U.S. same-store sales decelerated from 2Q and were down mid single digits in 3Q. Traffic trends remained weak. The company experienced traffic declines in the U.K. and slower sales momentum in Canada. Importantly, the reduction in new store openings and closure of underperforming stores will mitigate these trends in fiscal 2009.

CEO Howard Schultz said they are seeing signs now in the U.K. that emerged in the U.S. in the beginning of the year as it relates to consumer spending. He also said that the “very, very tough economy” in Spain has caused management to alter its growth plans because they don’t want to expand when consumers are under a lot of pressure. Management commented that they are facing significant challenges during the afternoon day part. They see the current economy as a tremendous headwind that has prevented them from moving the needle on improving traffic and the environment has proven more difficult than they anticipated back in January.

  • So how is this good? Starbucks had grown accustomed to 20%-plus revenue growth and 5%-plus same-store sales growth results. Three consecutive quarters of negative comparable sales and traffic, 9% sales growth and about 500 bps of U.S. margin compression in 3Q has forced management to make real changes.
  • U.S. company-operated store unit growth had been in the 13%-19% range YOY, and now management is forecasting a negative 60 net new stores in FY09 as the announced store closures will exceed store openings. Capital Expenditures as a percent of sales have been moving up rather significantly, from 7.8% in 2004 to 11.5% in 2007, despite declining returns. Based on the company’s revised guidance, however, capital expenditures are expected to be $1 billion in FY08 and $750 million in FY09, a 7% and 30% decline, respectively from 2007. This more disciplined spending will generate incremental free cash flow and yield better returns for shareholders. To that point, it was encouraging to learn that the company is seeing incremental sales at the stores that are in proximity of the 50 stores that have already been closed.

    The company also lowered its international unit growth targets to 825 net new stores in FY08 (from prior guidance of 975) and 900 net new stores in FY09 (from 1,050). Management said they are taking “learnings from [their] U.S. market experience and approaching international growth with cautious optimism, given the current environment.”

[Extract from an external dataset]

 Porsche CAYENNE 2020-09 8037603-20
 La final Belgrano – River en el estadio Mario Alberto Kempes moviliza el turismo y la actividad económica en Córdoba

  • Relative to overall traffic declines, management indicated that it is seeing an uptick in afternoon traffic as a result of its Vivanno and Sorbetto beverage launches, which they highlighted as an incremental positive as afternoon traffic “has been the burden for the past six months or so or even more than that.”

    Mr. Schultz reiterated that there is “no silver bullet” and that he cannot predict the economy, but that they are managing the things they can control. That being said, I remain convinced as Mr. Schultz said, “Starbucks is going to win.”